Debra has lived in England since 2000, when she came over, just ahead of her 18th birthday, to study Media and Film at a college in Winchester. It took her only about five months to figure out she’d made the wrong move.
“I called my mother and told her – ‘cause she had paid the fees, and it was a lot of money,” describes Debra. “I think it was about £6,000, plus accommodation. So that was £9,000 down the drain! What I really wanted to do was my music. So my mum flew all the way over from Cameroon to talk to me. She said, ‘Everyone else’s child is doing medicine or management or economics… and you want to do music?’ Because, back in Cameroon, music is looked on as something you might do if you didn’t have an education. Musicians are seen as… hippies!
“Here I could see it was different. So I saved up some money and paid off about a quarter of my deposit on my diploma and then my mum gave in and paid off the rest. She is very proud of me now.”
Indeed, it was from mum’s record collection that Debra got the bug in the first place – she’d grown up on Ella Fitzgerald and many of the grandest names in the pop and rock fields: The Beatles, Elton John, Dolly Parton and more from what she’d heard at home. While at boarding school in Cameroon, the teenage Debra joined the choir and soon thereafter helped to form a girl group, which, she says, toured the country and gained her valuable on-stage and co-writing experience. Back then she loved Boyz II Men. It wasn’t until she discovered neo-soul that she found out where she really fitted in.
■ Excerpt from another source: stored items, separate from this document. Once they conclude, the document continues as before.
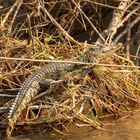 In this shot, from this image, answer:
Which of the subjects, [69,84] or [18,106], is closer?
[18,106]

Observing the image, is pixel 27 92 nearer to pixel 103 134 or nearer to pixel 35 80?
pixel 35 80

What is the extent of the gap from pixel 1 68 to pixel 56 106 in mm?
838

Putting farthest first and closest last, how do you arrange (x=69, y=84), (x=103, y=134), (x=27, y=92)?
(x=69, y=84)
(x=27, y=92)
(x=103, y=134)

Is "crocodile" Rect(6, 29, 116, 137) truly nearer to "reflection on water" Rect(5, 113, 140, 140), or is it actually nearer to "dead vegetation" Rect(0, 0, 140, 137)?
"dead vegetation" Rect(0, 0, 140, 137)

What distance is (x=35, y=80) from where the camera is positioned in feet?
16.6

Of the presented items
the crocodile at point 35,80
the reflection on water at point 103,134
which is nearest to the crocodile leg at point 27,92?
the crocodile at point 35,80

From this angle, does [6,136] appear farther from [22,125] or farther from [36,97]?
[36,97]

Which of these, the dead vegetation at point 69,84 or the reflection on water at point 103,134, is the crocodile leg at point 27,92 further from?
the reflection on water at point 103,134

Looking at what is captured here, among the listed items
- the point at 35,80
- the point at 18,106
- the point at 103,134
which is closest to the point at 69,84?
the point at 35,80

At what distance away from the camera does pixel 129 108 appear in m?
5.39

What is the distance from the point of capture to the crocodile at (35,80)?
4648 millimetres

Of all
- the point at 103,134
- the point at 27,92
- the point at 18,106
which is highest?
the point at 27,92

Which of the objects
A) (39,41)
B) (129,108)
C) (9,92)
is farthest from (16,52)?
(129,108)

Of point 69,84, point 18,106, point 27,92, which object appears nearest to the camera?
point 18,106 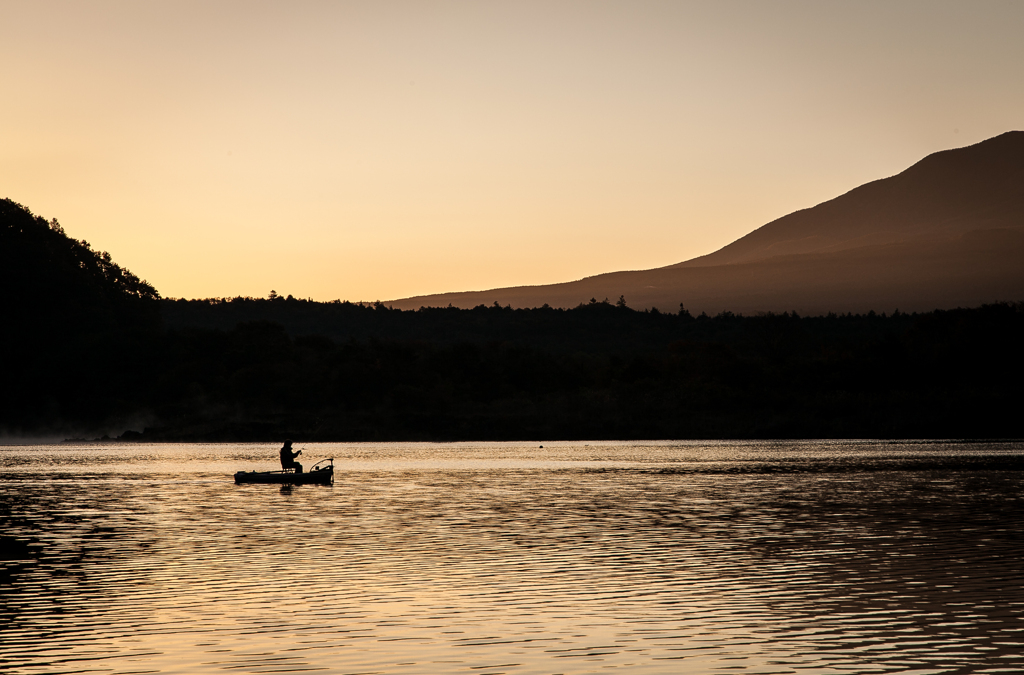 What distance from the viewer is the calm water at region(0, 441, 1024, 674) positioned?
2103cm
“When I first heard Erykah Badu’s On & On, that was it for me. Then I heard D’Angelo’s music, then Lauryn Hill, Jaheim and Musiq Soulchild… suddenly I knew I had found my sound. It has jazz, R&B and gospel all in one. People like Jill Scott and Musiq were a reflection of where I was. I especially loved Musiq’s first album. I was amazed by Ledisi too.
“I remember, there used to be Sunday ‘jazz jam’ sessions at the Jazz Café, and I’d sing some Chet Baker and Ella Fitzgerald songs there – people seemed to like them.  But I wasn’t really a straight ahead jazz singer and I don’t think I could ever be a great R&B singer either – it doesn’t suit my voice. The neo-soul sound, between jazz and soul, is definitely where I sit.”
Debra spent most of 2011 trying to complete Lifecycles, but ran out of time. She decided to take a break from music during 2012 and, the following year, took her mother’s sage advice and flew back for those gigs and TV dates in Yaoundé. She’s been taking off ever since.
“For people like me, from Cameroon, there is a need to infuse your music with your roots. I don’t want to sound like I’m American, or just another artist from that particular genre. I want to be different. I’m proud of where I come from.
“And Cameroon is only just coming up. We had Manu Dibango, of course, and more recently the jazz artist Richard Bona… but, y’know, they are not as appreciated in their own country as they are overseas. I noticed, when I took my soul sound to Cameroon, some people thought it wasn’t for them – they saw me as making music only for the wealthy, or something. And I thought music was for everybody. I’m going to prove to them it is.”